ABOUT THIS TASK
Please return the data word for word and leave out any picture it contains.

INPUT DATA

§

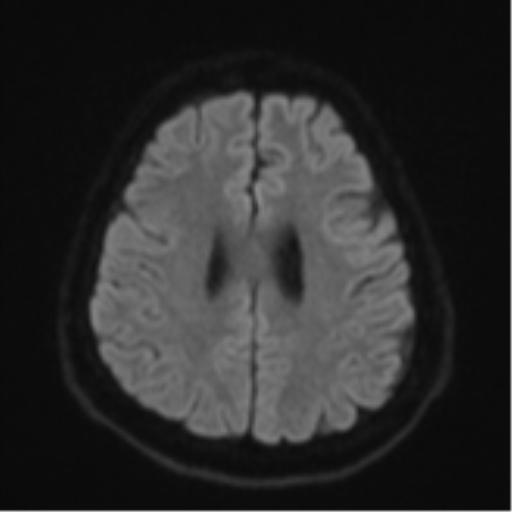 File:CNS vasculitis (Radiopaedia 55715-62263 Axial DWI 50).png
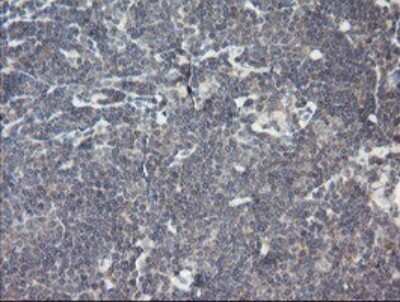 Immunohistochemistry: RIPK1/RIP1 Antibody (OTI2D6) [NBP2-45591]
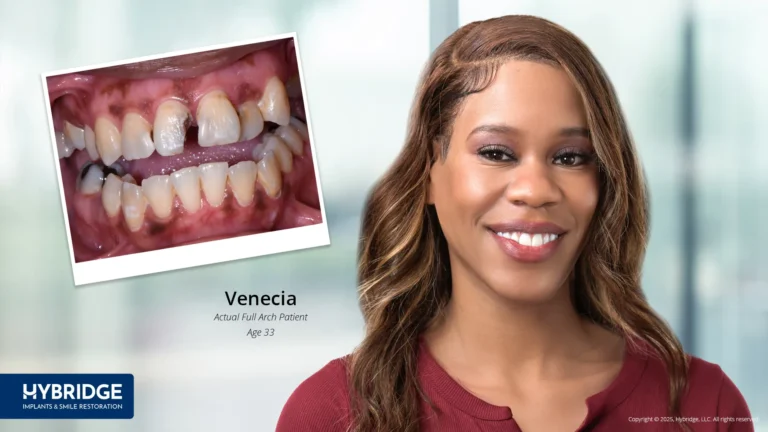 Dental Implants Grand Rapids, MI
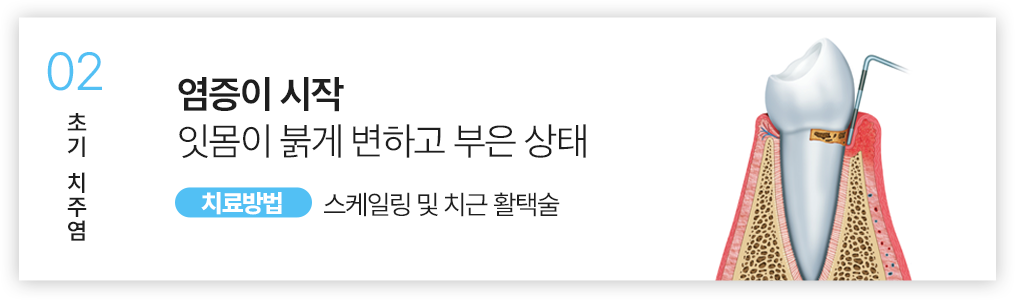 02.염증이 시작 잇몸이 붉게 변하고 부은 상태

§

SOLUTION TO THE PROBLEM
 File:CNS vasculitis (Radiopaedia 55715-62263 Axial DWI 50).png
 Immunohistochemistry: RIPK1/RIP1 Antibody (OTI2D6) [NBP2-45591]
 Dental Implants Grand Rapids, MI
 02.염증이 시작 잇몸이 붉게 변하고 부은 상태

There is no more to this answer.